Le diable est aussi parfaitement solidaire de notre faiblesse, de notre propension à victimiser : il nous aide à trouver des compensations (l’alcool, la prière, le travail, le crime, etc.). Il y a, certes, des compensations dépravantes et édifiantes, mais le démon est indifférent au bien et au mal.

Vous voulez accumuler plus de biens ? Vous trouverez ce qu’il faut sur votre chemin… en échange de quelque chose qui vous est encore plus cher.

Vous avez peur de perdre votre entreprise ? Se présentera un prêteur-sauveur qui vous fera sauver la face devant votre famille et à qui vous aurez oublié de poser quelques questions importantes de peur de voir s’évanouir l’occasion de vous sortir de l’impasse.

Vous craignez la rupture amoureuse ? Vous cèderez aux moindres demandes de votre partenaire pour garder son amour.
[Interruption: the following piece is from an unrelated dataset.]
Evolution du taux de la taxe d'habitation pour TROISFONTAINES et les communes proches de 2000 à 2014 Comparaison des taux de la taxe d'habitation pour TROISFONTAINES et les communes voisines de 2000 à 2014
Vous vous sentez en détresse existentielle ? Vous confiez votre peur de la folie au curé et il vous rassure : vous êtes une bonne personne. Au docteur, il vous donne des médicaments et vous êtes engourdi.

Cette paix a un prix…

Et nous sommes déçus de nous-mêmes lorsqu’à chaque fois, nous remettons au lendemain notre responsabilité de prendre autorité sur le mal. C’est la prérogative du diable : nous garder sous hypnose.

Finalement, ce que nous pouvons tenter de comprendre du fait qu’Alexandre Bissonnette ait plaidé coupable et du contenu de sa lettre, c’est que, dans tous les cas, nous sommes seuls à pouvoir réellement mettre fin à cette persécution interne pour sortir du leurre et accéder à un apaisement.